Take the line with "If I want to" as the first and the last line of the data as the end. Write out both and every line between exactly, except pictures.

*** SUPPLIED INFORMATION

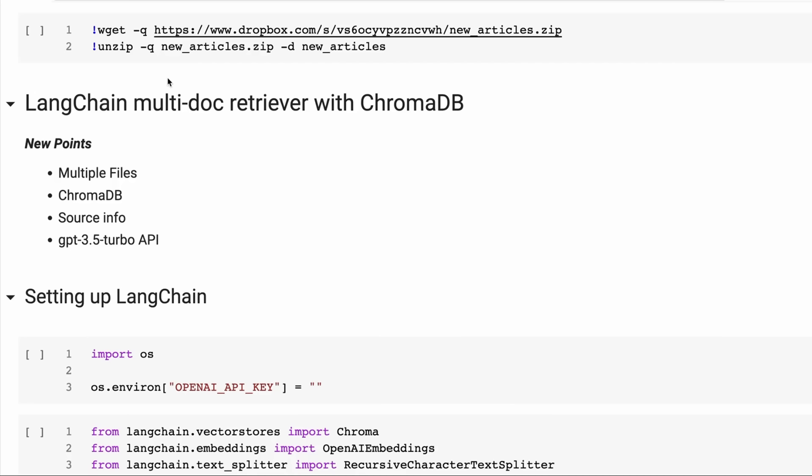In this video, we're going to have a look at using Langchain with multiple documents and ChromaDB.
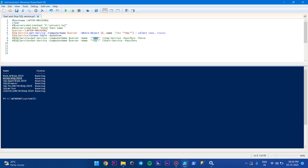If I want to target a particular service, I have to specify it here and then it will start or stop that particular service. Since I don't want to stop just one service, I want to stop all the services which contain 'SQL' in the name.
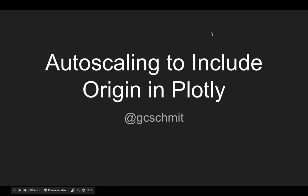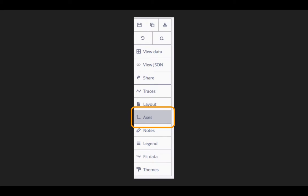This is a brief video on how to use autoscaling to include the origin in Plotly. Usually when we make our plots, we want to include the origin so that we're not misled in terms of the scale of the horizontal and vertical axes. By default, Plotly does not do that.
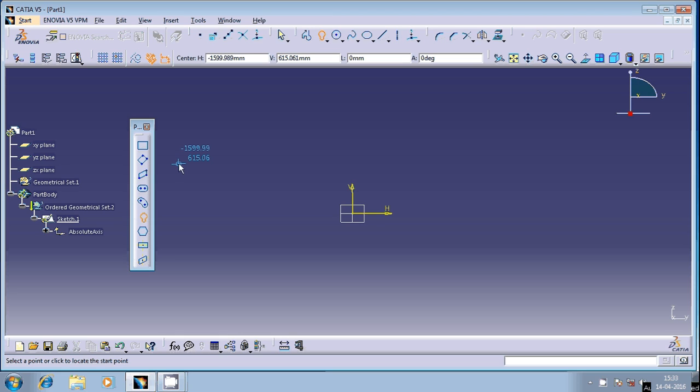Here it is going to ask only the coordinates, so you have to provide the radius in terms of the coordinates. It is asking for the first center. Enter the first center 0 comma 0.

******

RESULT:
If I want to target a particular service, I have to specify it here and then it will start or stop that particular service. Since I don't want to stop just one service, I want to stop all the services which contain 'SQL' in the name.
This is a brief video on how to use autoscaling to include the origin in Plotly. Usually when we make our plots, we want to include the origin so that we're not misled in terms of the scale of the horizontal and vertical axes. By default, Plotly does not do that.
Here it is going to ask only the coordinates, so you have to provide the radius in terms of the coordinates. It is asking for the first center. Enter the first center 0 comma 0.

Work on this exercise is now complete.